His decision, Phoenix attorney Howard Shanker said, will be appealed.

"I want to live the Hopi way, not the white man's way," Evehema said in
explaining why the fight will go on.

"I have no money to pay (utility bills).  I only depend on my farmlands.
That is my life."

But a member of the progressive faction, Mary Quanimptewa, 65, said her late
father, Lester Quanimptewa, would have understood the need for sanitary
condition, even though, as a young man who helped found Hotevilla, the
whites classified him as a "hostile."

"Too many old people and children too, get sick here in the summer," she
said.  "There's a lot of diarrhea.  In the winter, it is not convenient to
walk through the ice to the outhouse.  We've got elderly, blind people who
have to do that."

Once the sewer line is completed next spring, Quanimptewa said, she plans to
hook up a toilet and shower in a back room of her stone house.  That room is
now lighted by a single bulb powered by a solar panel that has enough juice
to run a tiny black and white television during the day.
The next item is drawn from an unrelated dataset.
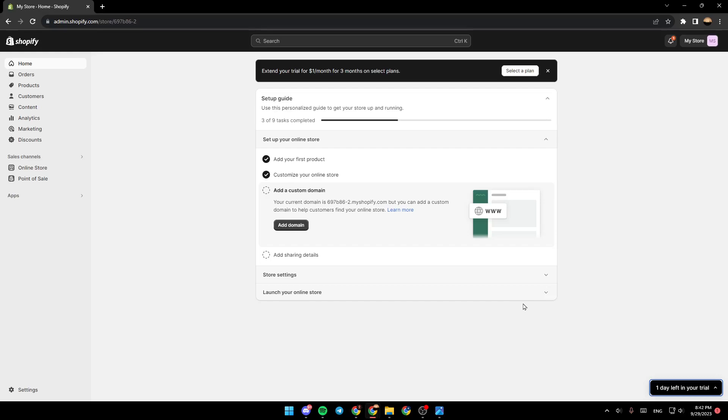As you can see, I am right now in my Shopify admin panel. So the first thing that you need to do is go to settings.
She rejects the notion that electricity and toilets will speed the end of
the Hopi way of life, as traditionals claim.

"It's just to help us live better," she said.  "The creator could see that."

But opponents suggest that the progressives should move elsewhere if they
want utilities.

"I suppose Hotevilla will be a very healthy village," Holmes said. "But Mary
Quanimptewa's daughter (who has Parkinson's disease) is still going to be sick."
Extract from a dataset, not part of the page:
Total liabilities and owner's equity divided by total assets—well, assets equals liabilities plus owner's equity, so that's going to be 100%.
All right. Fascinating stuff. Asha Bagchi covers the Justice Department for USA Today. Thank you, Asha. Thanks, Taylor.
"And when they dig up those prayer feathers, that's when the diseases will
come.  There'll be a lot more sicknesses like Parkinson's."

Holmes drove his truck up the side of the Hotevilla mesa to show where, he
claims, earthmoving equipment has torn up sacred ground.  An 8-inch-wide
pipe passed within a dozen feet of ages- old petroglyphs and within a few
yards of stone ruins that Holmes said are much older than Hotevilla.

Like many village religious leaders, he spoke ominously about secret Hopi
prophesies, details of which are outlined from time to time to remind Hopis
and others where they are going wrong in the task the Creator gave them;
protecting mother earth.

The prophesies, Holmes said, foretold the coming of the white man, and the
destruction of the environment.  They told about nuclear weapons, airplanes,
warring nations, and the extermination of the Jews, he said.  Earthquakes,
hurricanes, the Persian Gulf War, Bosnia, all were accurately predicted as
punishment for despoiling the planet, Holmes said.

For the white man, he said, a simple sewer system is just that, a
public-utilities-project.

But for the Hopis, he said,without giving any more details, there will be
dire consequences.

"They will be bad," he said.  "They will be bad."